Long-Delayed Wheat Futures Trading Starts

Russia, one of the world's major grain exporters, on Wednesday began trade in wheat futures aimed at adding transparency to its opaque domestic grain market and allowing traders to hedge risk as prices hit record highs.

Eight brokerages were participating on the first day of trade on the Russian National Mercantile Exchange, or NAMEX, said Sergei Naumov, director of the exchange.

"The launch of wheat futures contracts means that we are becoming civilized participants in the global economy," Agriculture Minister Alexei Gordeyev said at the launch ceremony.

Naumov named major domestic trading companies like Agromarket-Trade, Razgulyai and the International Grain, a Russian subsidiary of Swiss commodities trader Glencore, among acting or future clients of the eight active brokerages.

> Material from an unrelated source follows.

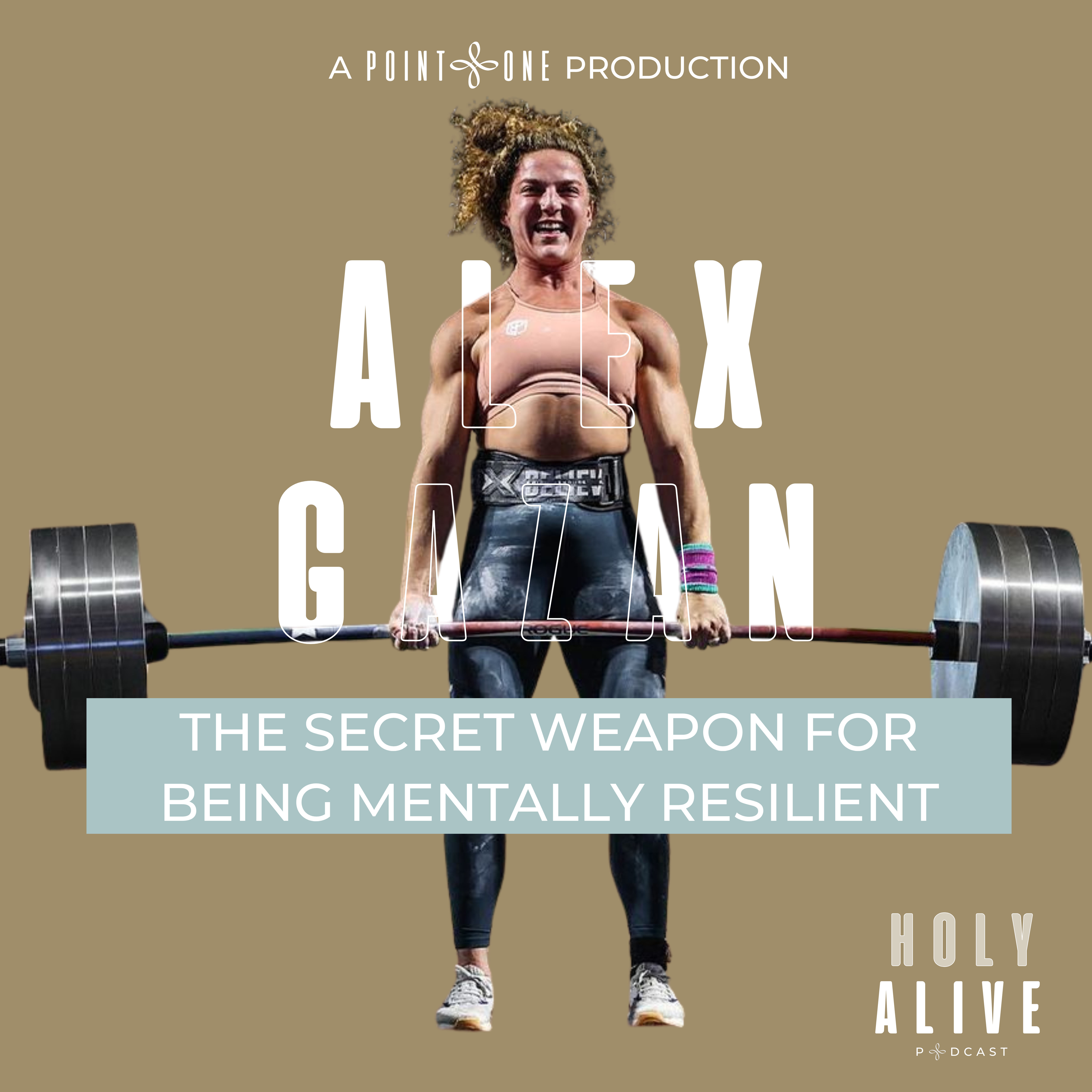 Holy Alive Podcast by Point One Vision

NAMEX initially planned to launch wheat futures in mid-2007 but postponed the start for technical reasons. It was delayed again after the country introduced prohibitive wheat export tariffs from Jan. 29 to July 1.

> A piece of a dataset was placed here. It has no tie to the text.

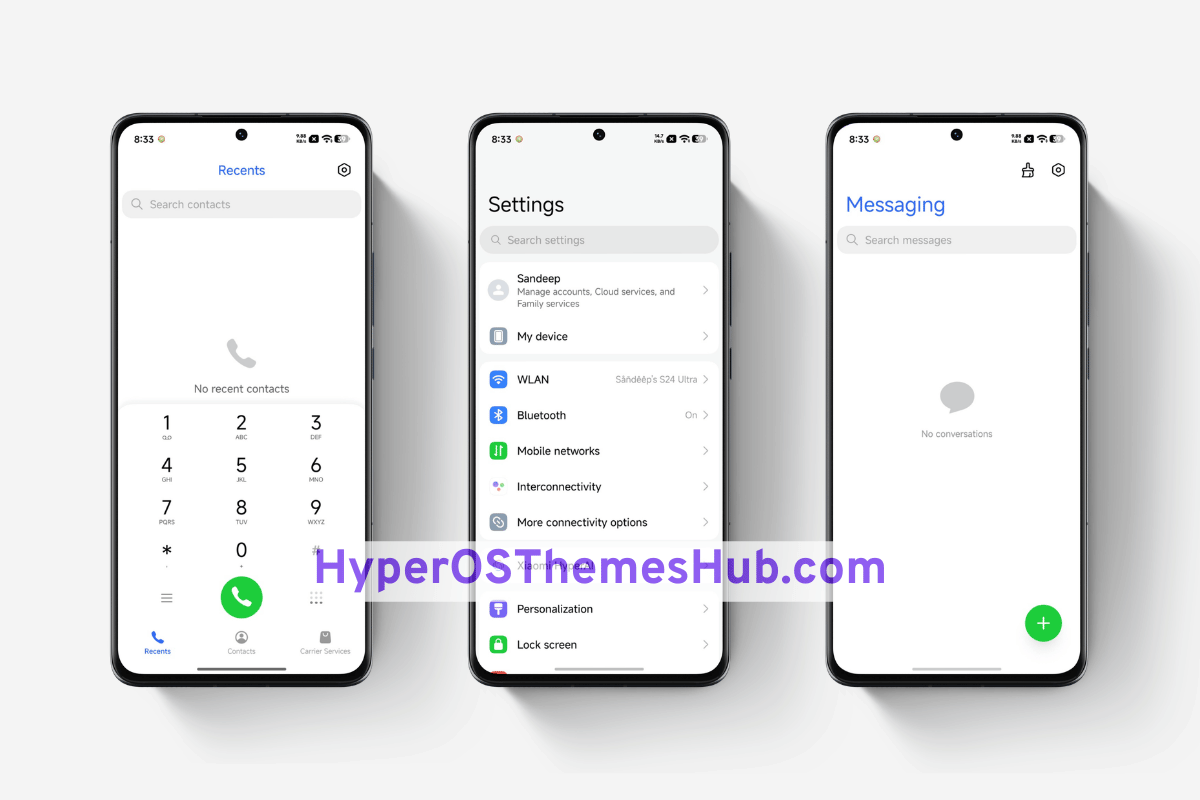 HyperOSThemesHub.com 29 1 New World UI HyperOS Theme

"We believe this project will be a success, as it has been prepared in close cooperation with grain producers and traders," Arkady Zlochevsky, head of powerful industry lobby the Russian Grain Union, said at the ceremony.

NAMEX, founded by seven foreign currency exchanges, industry lobbies and large agribusiness firms, is involved in the sale of grain from government stocks to flour mills aimed at stabilizing domestic grain prices.